* **HOW TO COMPLETE THIS TASK**
Below are the records. Retype, exactly, the lines from the first through the line with "Yamaha TDM850 Left", and leave out the pictures.
*** DATA TO EXAMINE Section Begins ***
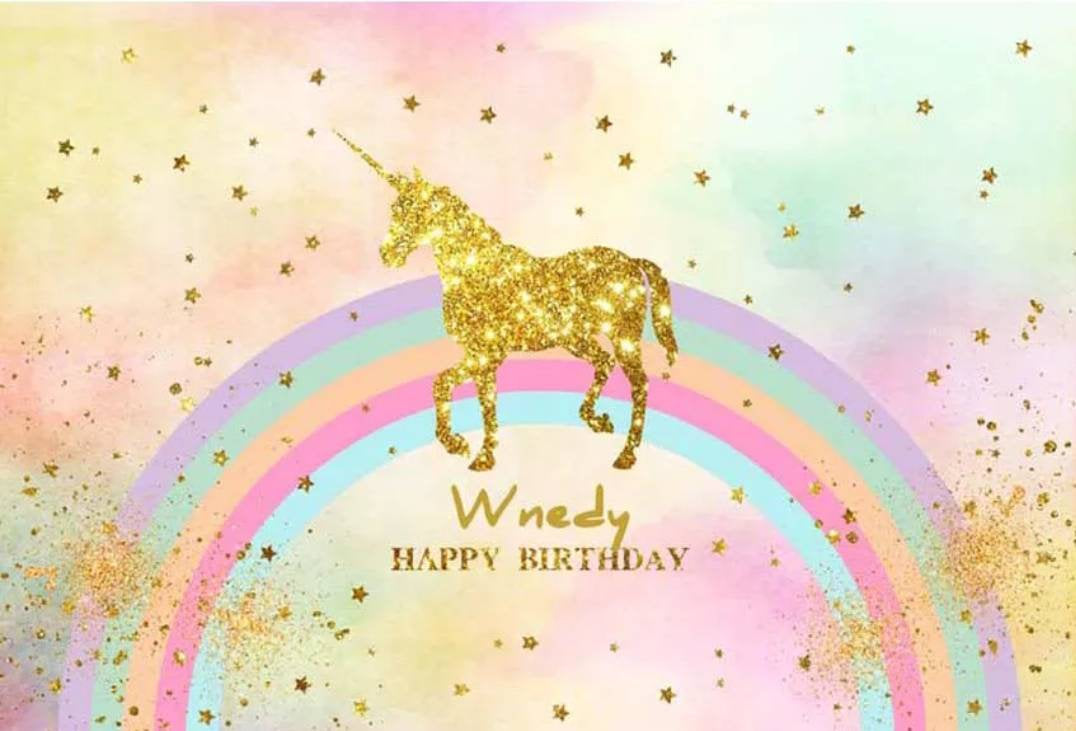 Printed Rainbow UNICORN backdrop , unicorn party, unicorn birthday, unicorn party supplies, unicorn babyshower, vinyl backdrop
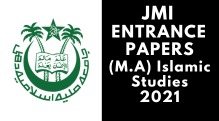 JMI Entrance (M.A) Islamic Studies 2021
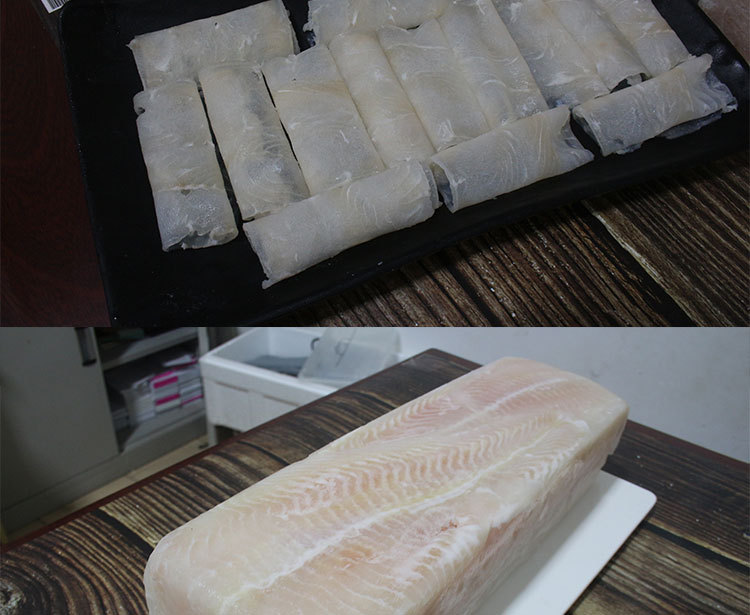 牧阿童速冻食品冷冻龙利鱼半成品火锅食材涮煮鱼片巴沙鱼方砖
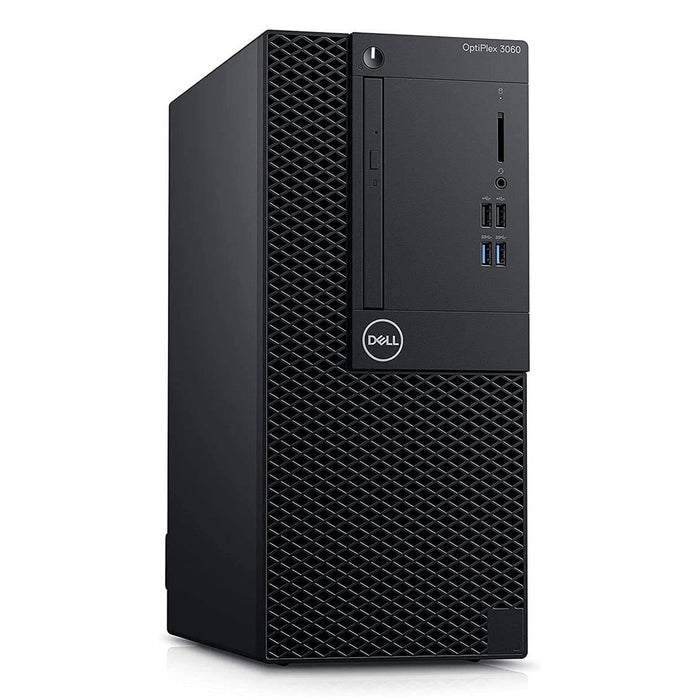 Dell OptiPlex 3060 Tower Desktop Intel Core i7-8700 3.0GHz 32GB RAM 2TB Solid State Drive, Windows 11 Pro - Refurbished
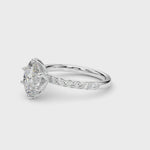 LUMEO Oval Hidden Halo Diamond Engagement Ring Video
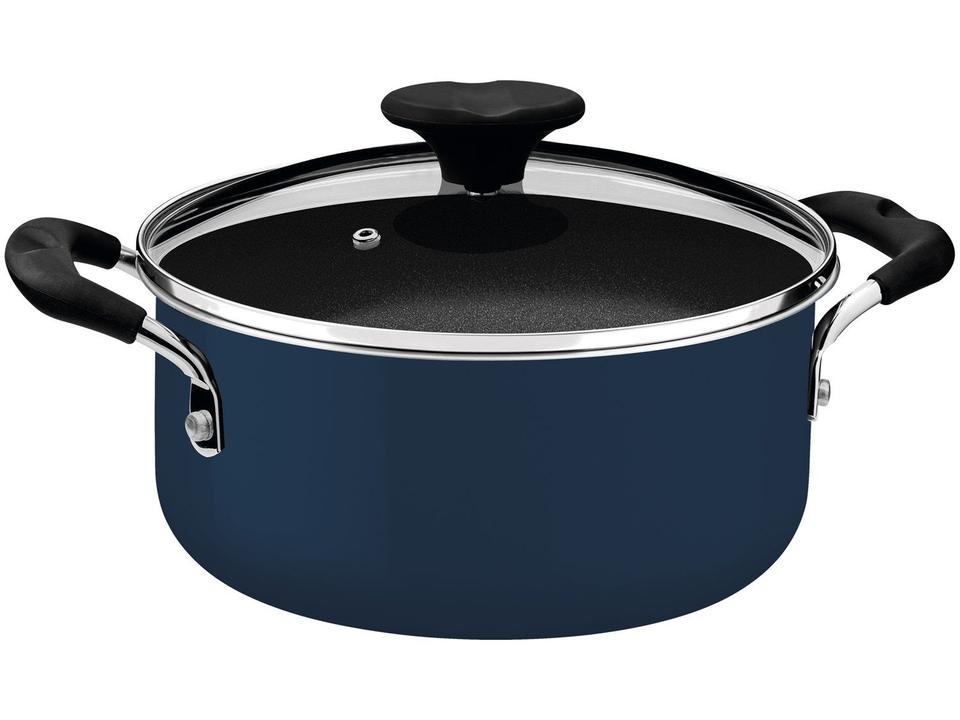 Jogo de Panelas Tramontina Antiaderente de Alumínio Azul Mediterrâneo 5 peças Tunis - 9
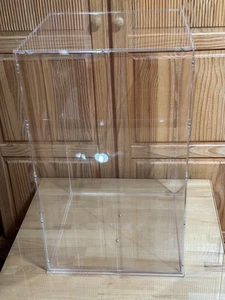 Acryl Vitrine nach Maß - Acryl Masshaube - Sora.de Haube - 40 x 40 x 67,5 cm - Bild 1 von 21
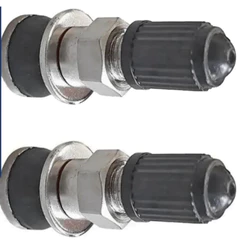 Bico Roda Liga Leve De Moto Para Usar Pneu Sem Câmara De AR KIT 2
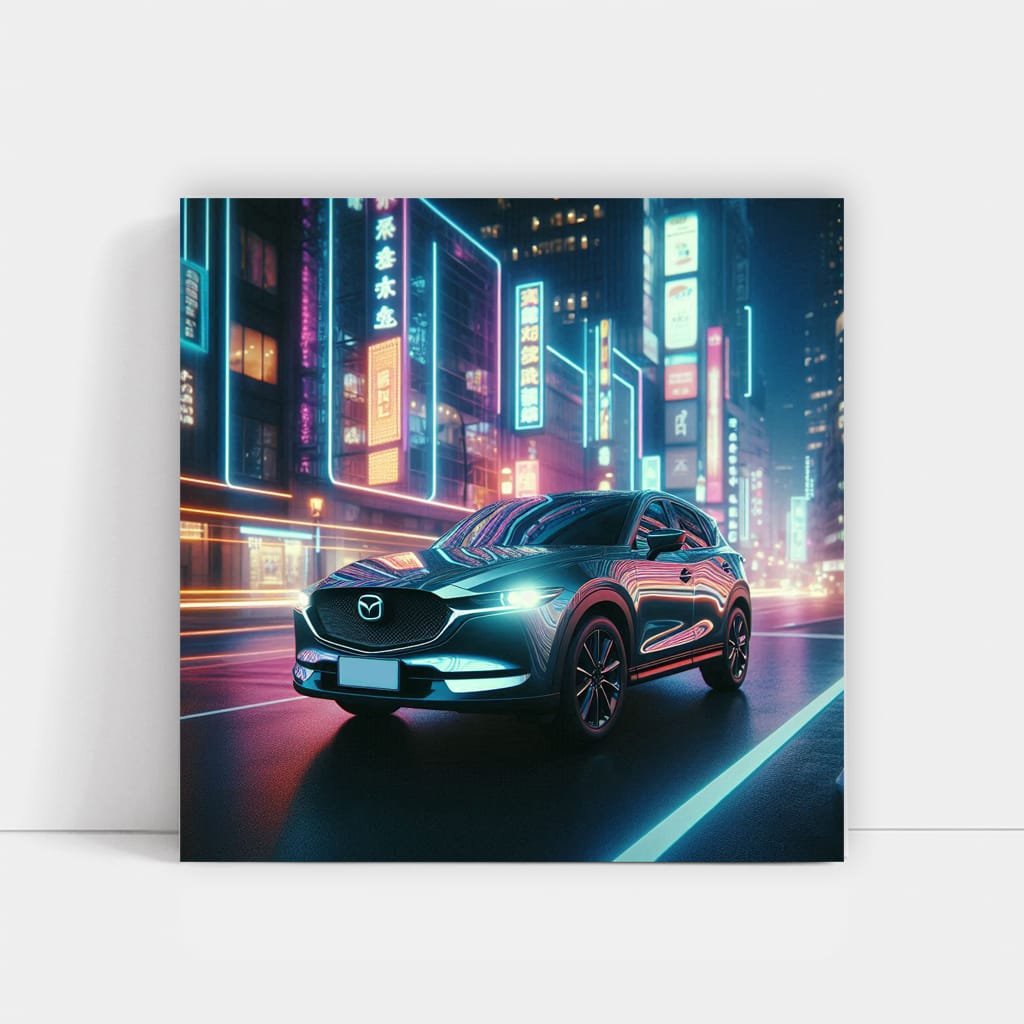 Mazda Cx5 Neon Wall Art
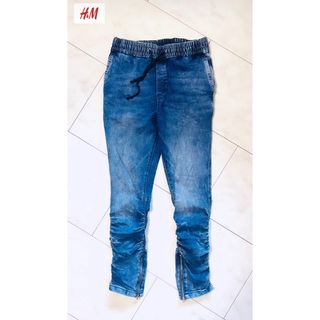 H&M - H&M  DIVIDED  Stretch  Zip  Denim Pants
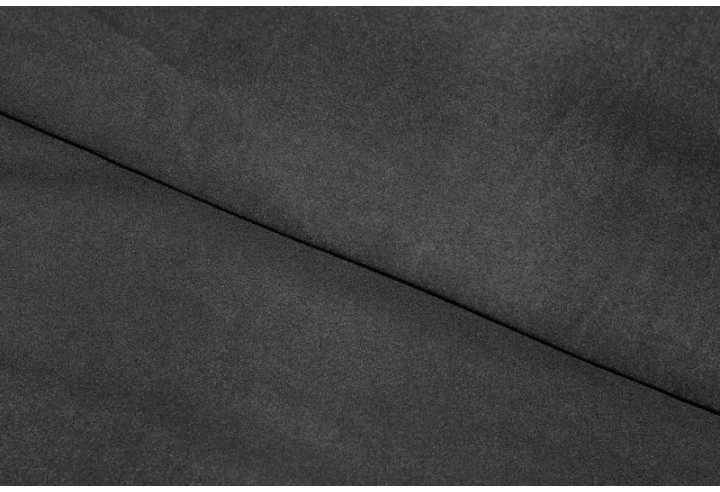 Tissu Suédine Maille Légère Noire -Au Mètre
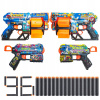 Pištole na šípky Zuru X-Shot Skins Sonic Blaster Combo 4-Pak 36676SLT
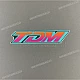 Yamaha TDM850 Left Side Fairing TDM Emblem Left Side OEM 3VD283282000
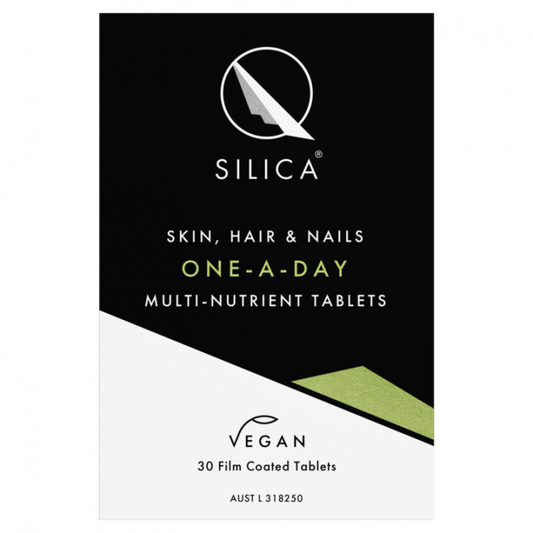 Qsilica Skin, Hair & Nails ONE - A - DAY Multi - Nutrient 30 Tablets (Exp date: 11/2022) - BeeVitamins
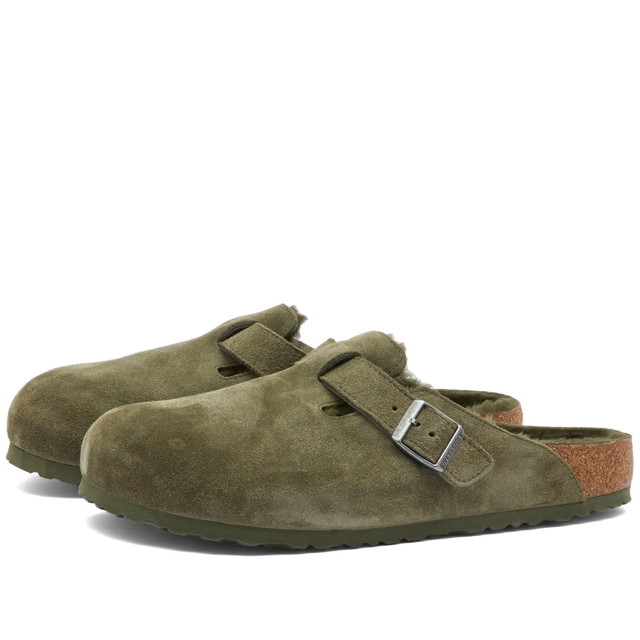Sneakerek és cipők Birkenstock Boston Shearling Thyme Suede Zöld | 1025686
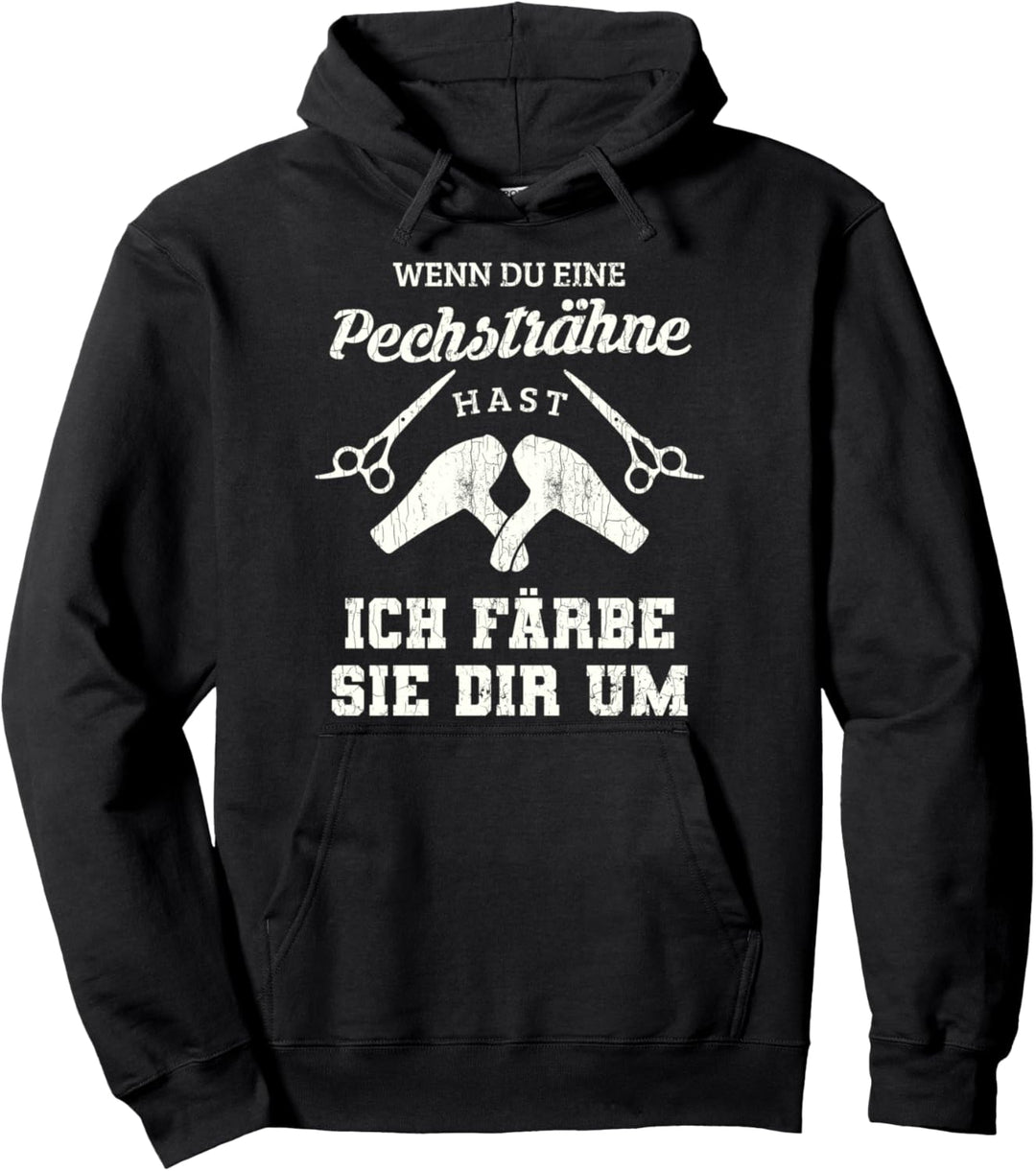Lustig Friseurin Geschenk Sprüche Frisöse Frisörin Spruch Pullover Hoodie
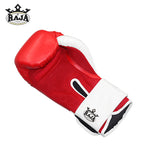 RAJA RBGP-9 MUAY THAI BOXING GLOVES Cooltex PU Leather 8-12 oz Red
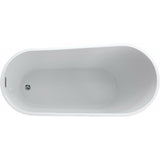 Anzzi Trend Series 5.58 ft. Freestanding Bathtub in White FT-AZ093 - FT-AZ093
*** DATA TO EXAMINE Section Ends ***
* **RESPONSE TO THIS TASK**
 Printed Rainbow UNICORN backdrop , unicorn party, unicorn birthday, unicorn party supplies, unicorn babyshower, vinyl backdrop
 JMI Entrance (M.A) Islamic Studies 2021
 牧阿童速冻食品冷冻龙利鱼半成品火锅食材涮煮鱼片巴沙鱼方砖
 Dell OptiPlex 3060 Tower Desktop Intel Core i7-8700 3.0GHz 32GB RAM 2TB Solid State Drive, Windows 11 Pro - Refurbished
 LUMEO Oval Hidden Halo Diamond Engagement Ring Video
 Jogo de Panelas Tramontina Antiaderente de Alumínio Azul Mediterrâneo 5 peças Tunis - 9
 Acryl Vitrine nach Maß - Acryl Masshaube - Sora.de Haube - 40 x 40 x 67,5 cm - Bild 1 von 21
 Bico Roda Liga Leve De Moto Para Usar Pneu Sem Câmara De AR KIT 2
 Mazda Cx5 Neon Wall Art
 H&M - H&M  DIVIDED  Stretch  Zip  Denim Pants
 Tissu Suédine Maille Légère Noire -Au Mètre
 Pištole na šípky Zuru X-Shot Skins Sonic Blaster Combo 4-Pak 36676SLT
 Yamaha TDM850 Left Side Fairing TDM Emblem Left Side OEM 3VD283282000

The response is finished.